ROBERTSON: You know, I think one of the key indicators there is Pakistan, of course, Pakistan has been the country that has propped up and given sanctuary and support to the Taliban over the decades indeed, sort of helped launch them back in the early 1990s.

And I think most significantly, when Pakistan released from jail, Mullah Baradar, who is the Taliban deputy leader, who's doing the signing today, who's been the main interlocutor with envoy Zalmay Khalilzad.

That alone there tells you that Pakistan is getting on board with this in part, but Pakistan will have its own expectations of what a new political dispensation within Afghanistan should look like. And there will be a heavy expectation from the Pakistan side, that the -- that the Taliban and it's their -- Taliban's expectation too, is that they will play a significant role in a future Afghan government that could push the current President Ashraf Ghani, could put him out -- push him out of office earlier this year.

That's if you will the sort of triumphalist view of the Taliban coming into these talks, and gives you an indication of how bumpy and tough those talks can be with the Afghan government.

PAUL: But there about 5,000 Taliban that are be released from Afghan run jails. That's part of the conditions here. I'm wondering if we know, Nic, is the Afghan government really committed to that?

ROBERTSON: In essence, they are committed in the sort of underlying sense that, you know, the Taliban are also committed to releasing 1,000 Afghan government prisoners. And there's an understanding that many of those Taliban prisoners may not -- may no longer want to go back and join the fight.

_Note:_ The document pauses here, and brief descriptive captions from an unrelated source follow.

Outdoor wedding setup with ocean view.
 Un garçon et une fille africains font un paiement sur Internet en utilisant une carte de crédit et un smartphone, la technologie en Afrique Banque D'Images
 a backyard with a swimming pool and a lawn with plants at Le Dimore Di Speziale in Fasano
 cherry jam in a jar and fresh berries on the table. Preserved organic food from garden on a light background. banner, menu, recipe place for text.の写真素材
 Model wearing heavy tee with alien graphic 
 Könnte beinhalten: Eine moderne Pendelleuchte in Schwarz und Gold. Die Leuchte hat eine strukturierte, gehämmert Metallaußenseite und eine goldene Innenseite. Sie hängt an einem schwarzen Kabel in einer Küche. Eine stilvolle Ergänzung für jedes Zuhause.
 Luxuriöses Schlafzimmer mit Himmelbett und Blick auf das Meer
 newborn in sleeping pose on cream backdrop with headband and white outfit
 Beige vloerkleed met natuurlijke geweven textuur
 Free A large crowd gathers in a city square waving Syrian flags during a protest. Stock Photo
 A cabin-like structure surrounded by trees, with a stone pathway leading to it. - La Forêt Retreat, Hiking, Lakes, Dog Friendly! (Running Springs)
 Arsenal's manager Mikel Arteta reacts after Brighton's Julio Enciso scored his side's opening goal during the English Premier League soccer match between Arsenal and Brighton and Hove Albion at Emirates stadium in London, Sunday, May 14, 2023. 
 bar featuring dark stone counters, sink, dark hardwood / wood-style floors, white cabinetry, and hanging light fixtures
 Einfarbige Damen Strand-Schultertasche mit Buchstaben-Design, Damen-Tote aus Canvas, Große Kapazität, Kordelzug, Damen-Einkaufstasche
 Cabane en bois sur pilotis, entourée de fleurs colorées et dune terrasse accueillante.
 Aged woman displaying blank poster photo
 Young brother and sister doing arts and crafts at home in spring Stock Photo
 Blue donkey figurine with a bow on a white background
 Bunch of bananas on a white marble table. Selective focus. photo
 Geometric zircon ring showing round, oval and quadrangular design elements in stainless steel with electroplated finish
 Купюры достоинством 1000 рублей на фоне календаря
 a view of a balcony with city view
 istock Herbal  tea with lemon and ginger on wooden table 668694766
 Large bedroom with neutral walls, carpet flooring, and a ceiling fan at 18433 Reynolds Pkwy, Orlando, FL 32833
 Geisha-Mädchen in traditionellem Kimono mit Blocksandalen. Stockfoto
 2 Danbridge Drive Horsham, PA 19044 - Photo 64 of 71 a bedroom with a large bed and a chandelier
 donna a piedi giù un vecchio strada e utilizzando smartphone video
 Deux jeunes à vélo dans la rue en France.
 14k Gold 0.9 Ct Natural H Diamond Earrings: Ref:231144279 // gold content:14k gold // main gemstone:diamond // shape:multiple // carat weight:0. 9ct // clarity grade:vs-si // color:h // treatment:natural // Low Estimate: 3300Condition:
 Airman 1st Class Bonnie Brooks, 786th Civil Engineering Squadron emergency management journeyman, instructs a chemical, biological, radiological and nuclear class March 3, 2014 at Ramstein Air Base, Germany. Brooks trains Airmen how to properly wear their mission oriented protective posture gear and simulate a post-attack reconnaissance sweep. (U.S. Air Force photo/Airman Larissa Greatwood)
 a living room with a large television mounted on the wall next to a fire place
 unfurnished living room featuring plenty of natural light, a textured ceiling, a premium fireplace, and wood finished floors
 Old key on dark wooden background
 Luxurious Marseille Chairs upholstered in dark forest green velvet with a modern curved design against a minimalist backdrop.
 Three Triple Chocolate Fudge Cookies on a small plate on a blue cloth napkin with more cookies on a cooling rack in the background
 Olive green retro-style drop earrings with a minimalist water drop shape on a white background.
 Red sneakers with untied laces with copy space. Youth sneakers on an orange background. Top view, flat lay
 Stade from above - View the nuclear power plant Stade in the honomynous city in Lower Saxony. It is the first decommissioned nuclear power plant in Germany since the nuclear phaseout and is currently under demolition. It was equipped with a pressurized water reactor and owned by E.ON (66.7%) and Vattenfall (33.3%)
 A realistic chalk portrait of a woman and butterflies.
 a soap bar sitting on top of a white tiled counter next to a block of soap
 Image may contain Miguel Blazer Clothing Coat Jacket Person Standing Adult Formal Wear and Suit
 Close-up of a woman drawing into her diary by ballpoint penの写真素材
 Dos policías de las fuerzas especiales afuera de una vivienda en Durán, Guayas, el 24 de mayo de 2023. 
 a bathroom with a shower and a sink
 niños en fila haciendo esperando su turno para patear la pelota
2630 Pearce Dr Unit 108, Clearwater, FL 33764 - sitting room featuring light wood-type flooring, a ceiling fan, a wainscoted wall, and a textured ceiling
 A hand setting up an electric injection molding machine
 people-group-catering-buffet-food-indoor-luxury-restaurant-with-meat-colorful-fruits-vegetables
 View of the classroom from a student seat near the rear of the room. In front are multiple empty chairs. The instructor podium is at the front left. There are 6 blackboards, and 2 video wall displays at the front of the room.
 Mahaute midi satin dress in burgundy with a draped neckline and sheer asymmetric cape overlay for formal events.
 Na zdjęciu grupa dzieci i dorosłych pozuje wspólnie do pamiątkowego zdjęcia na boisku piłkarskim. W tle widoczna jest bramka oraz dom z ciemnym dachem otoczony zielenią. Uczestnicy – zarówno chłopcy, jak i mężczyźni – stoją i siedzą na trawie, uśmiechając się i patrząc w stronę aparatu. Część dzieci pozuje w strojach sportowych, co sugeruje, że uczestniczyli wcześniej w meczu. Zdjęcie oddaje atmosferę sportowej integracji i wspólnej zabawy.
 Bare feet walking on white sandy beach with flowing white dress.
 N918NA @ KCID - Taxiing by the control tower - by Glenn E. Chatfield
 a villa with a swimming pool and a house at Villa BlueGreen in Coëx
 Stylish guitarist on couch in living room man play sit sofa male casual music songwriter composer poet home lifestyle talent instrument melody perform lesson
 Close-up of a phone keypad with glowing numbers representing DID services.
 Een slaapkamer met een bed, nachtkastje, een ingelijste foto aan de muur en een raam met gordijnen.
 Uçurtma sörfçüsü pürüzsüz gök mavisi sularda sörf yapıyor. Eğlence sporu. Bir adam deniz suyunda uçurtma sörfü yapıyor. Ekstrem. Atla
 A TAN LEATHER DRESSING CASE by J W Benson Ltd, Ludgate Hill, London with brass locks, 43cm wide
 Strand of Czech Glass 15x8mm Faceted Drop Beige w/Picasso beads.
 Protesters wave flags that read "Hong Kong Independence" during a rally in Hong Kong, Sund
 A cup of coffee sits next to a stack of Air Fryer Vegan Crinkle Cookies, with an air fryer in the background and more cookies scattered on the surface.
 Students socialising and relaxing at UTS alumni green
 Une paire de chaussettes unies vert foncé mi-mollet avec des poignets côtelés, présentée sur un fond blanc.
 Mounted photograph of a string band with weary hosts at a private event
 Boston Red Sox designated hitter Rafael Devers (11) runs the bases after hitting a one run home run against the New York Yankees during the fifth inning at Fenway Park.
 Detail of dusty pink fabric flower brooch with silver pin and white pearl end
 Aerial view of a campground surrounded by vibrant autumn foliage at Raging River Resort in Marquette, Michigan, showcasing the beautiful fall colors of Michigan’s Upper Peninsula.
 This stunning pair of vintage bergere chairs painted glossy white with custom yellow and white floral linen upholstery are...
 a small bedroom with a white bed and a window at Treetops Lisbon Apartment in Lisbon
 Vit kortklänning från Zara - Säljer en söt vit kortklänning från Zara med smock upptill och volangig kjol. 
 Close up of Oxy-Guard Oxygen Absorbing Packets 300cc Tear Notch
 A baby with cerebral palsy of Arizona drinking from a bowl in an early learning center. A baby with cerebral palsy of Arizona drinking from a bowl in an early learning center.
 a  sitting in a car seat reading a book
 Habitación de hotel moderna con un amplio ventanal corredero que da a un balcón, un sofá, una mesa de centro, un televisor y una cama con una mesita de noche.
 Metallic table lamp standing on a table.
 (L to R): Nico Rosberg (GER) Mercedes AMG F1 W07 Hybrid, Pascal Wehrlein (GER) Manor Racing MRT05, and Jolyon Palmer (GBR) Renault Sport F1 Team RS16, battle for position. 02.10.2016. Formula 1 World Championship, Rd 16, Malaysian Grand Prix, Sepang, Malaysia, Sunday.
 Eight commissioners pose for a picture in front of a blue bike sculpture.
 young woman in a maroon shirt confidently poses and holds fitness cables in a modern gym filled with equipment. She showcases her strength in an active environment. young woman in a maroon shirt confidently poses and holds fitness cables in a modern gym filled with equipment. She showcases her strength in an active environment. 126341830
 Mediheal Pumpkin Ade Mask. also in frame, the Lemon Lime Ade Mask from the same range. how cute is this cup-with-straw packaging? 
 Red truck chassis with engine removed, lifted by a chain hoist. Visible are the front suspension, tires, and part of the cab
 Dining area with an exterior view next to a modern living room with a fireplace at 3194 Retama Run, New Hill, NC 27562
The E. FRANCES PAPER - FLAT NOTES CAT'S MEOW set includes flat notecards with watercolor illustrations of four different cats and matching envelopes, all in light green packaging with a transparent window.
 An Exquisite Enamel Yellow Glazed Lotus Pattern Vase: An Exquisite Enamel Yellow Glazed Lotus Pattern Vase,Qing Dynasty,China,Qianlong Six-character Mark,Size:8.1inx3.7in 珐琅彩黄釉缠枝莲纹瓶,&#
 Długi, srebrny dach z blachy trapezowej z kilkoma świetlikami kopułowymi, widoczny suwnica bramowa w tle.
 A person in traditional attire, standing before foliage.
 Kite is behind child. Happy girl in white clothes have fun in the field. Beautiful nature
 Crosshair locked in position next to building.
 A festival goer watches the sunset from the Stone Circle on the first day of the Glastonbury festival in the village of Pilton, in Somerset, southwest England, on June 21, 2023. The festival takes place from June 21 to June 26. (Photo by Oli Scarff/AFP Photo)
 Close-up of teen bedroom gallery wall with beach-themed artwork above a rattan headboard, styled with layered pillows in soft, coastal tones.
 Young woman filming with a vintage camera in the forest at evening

I've been speaking to a number of diplomats here on the margins today who are involved in the talks along the way. Their view is that to release 5,000 prisoners in a very short space of time, the Taliban I'm told have a long list of all those names. That would be very difficult and very complicated to do at a technical level.


ROBERTSON: I've also been talking to somebody who's directly involved with the Taliban and the United States on the issue of those prisoners. And that's the very clear expectation from the Taliban, that before they go into the intra-Afghan talks with the Afghan government, their confidence building from the Afghan government side has to be the release of those 5,000.

Perhaps, what we're going to see negotiated over time, and I'm talking to, you know, people close to the process here are saying perhaps, the real intra-Afghan talks will be delayed by about a month, they might not start to April.


BLACKWELL: Yes. All right.

ROBERTSON: And that will be the time to allow a sequenced release and confidence building for those 5,000 prisoners.

PAUL: All right.

BLACKWELL: Nic Robertson for us there. As this will be signed in Doha, we'll continue to follow this and will -- can have more after the break.



BLACKWELL: Live pictures now from Doha, Qatar, where representatives of the United States and the Taliban are expected to sign a historic agreement, could be just moments away.